No record exists of Cardoni pitching in 1947,12 but Brooklyn retained his rights and demoted him to Double-A Mobile in 1948.  That August he “asked to be placed on the voluntarily retired list.  Cardoni had been bothered by a sore arm most of the season.”13

Cardoni would never play above A ball again.  He resurfaced in the Class D Pony League with Bradford in 1949 and “won a steak dinner offered by a Bee fan”14 for striking out nine.

Returning to Boston but to the American League this time, Cardoni pitched Single-A ball in the Red Sox system from 1950 to 1953.  He did face major-league hitters during a midseason exhibition game, but failed to take advantage of the opportunity to showcase his talents, giving up nine hits and eight runs in five innings.15

After struggling to a 6-12 record in his first two seasons for the Scranton Red Sox, Cardoni starred for the Albany Senators in 1952 (the new Red Sox Class A team, as the Browns had taken over the Scranton franchise).  Converted to relief, he went 14-2 and won a trophy as the Eastern League’s most valuable pitcher.  The 32-year-old Cardoni received his release from Albany in 1953 after a preseason injury to his neck.16  The Scranton Miners, by then the Class A team of the Washington Senators, picked him up and returned him to starting duties, and two days later Cardoni blanked his former Albany teammates and struck out 10.17

In 1954 the Class A Wilkes-Barre Barons, bought Cardoni for $750,18 a far cry from the $25,000 Branch Rickey had supposedly contemplated offering for him eight years earlier.  Cardoni closed his career back in the bullpen with a fine 8-2 campaign.

Ben Cardoni owned and ran a tavern, but lived just 15 more years, dying in Jessup on April 2, 1969.  Only 48, he passed away after suffering a heart attack in a car.  He is buried in Jessup’s St.

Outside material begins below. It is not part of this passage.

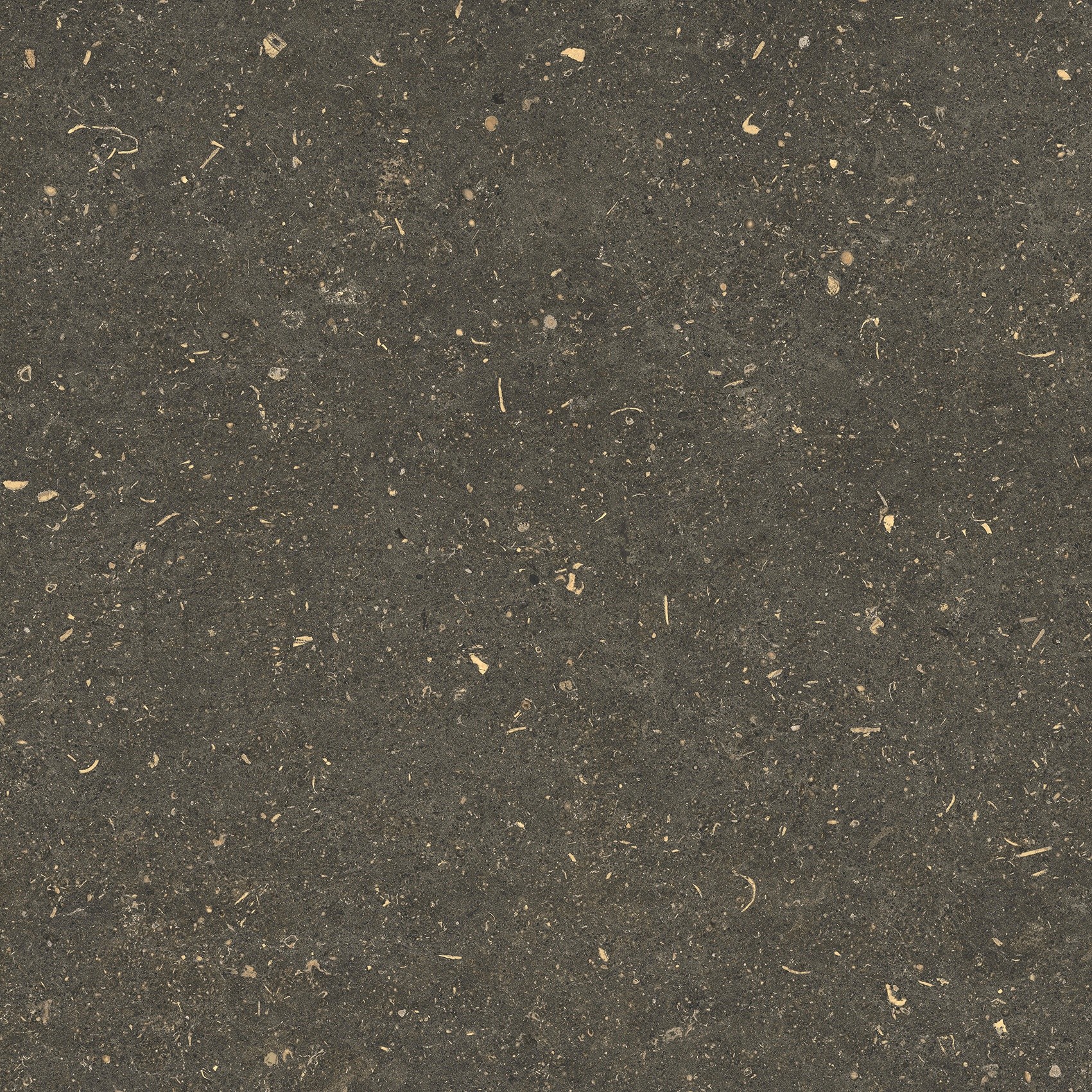 785487 Rinascenza Arena Platino Matte 60x60 Casa Dolce Casa фото 8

John Cemetery.  His wife, Julia, son, and four siblings survived him.  Although he struggled in the National League, Cardoni exhibited courage in playing his sport at its highest level in spite of having a heart so weak that it would eventually kill him at a young age.

Notes

1  Cardoni had “what was said to be ‘a bad heart.’”  Charley Young, “Cardoni, Relief Star in ’52, Now Ace Starter, Too,” The Sporting News, July 1, 1953, 15.

2  Cardoni’s Hall of Fame file clip entitled “Former Pitching Star Found Dead in His Car,” April 2, 1969.  By contrast, baseball-reference.com has Cardoni at Bradford in 1939-1942 albeit with no 1940 statistics whatsoever.

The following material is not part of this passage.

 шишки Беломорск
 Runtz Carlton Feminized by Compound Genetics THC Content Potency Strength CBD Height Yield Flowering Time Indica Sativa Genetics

3  Harold Kaese, “Reds Sink Braves, 7 to 5,” Boston Globe, August 20, 1943, 6; “Reds Halt Braves with 3 in 6th, 7 to 5,” New York Times, August 20, 1943.

4  “Cardoni’s prize feat was striking out Walker Cooper in the seventh.”  Harold Kaese, “Cards Flatten Braves, 14 to 5,” Boston Globe, August 24, 1943: 6.  

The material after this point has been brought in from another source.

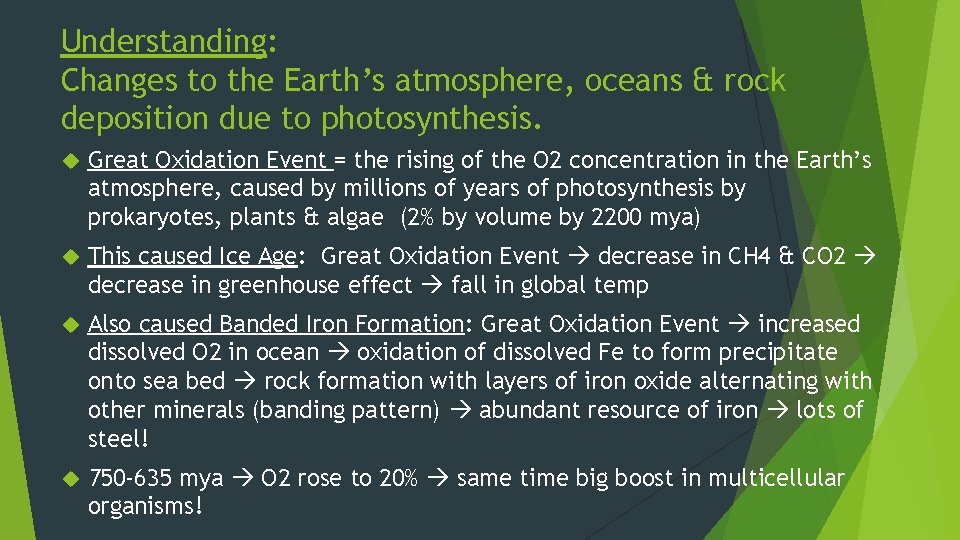 Understanding: Changes to the Earth’s atmosphere, oceans & rock deposition due to photosynthesis. Great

5  Cardoni’s error accounted for an unearned run.  He also turned his lone double play in this game on a 1-6-3 play.  See retrosheet.org/boxesetc/1944/B07042CHN1944.htm.

6  Melville Webb, “Giants Hand Braves Double Jolt, 15-5, 6-4,” Boston Globe, May 6, 1945, D28.

7  Roger Birtwell, “Braves Buy 35-Year-Old Minor League Southpaw,” Boston Globe, May 9, 1945, 21.

8  Associated Press, “Milwaukee Wins Flag,” Boston Globe, September 9, 1945, D33.

9  Melville Webb, “Braves End Season in Two Twin Bills Against the Giants,” Boston Globe, September 29, 1945, 2.

10  Melville Webb, “Braves Plan 20 Arc Light Home Games,” Boston Globe, February 14, 1946, 8.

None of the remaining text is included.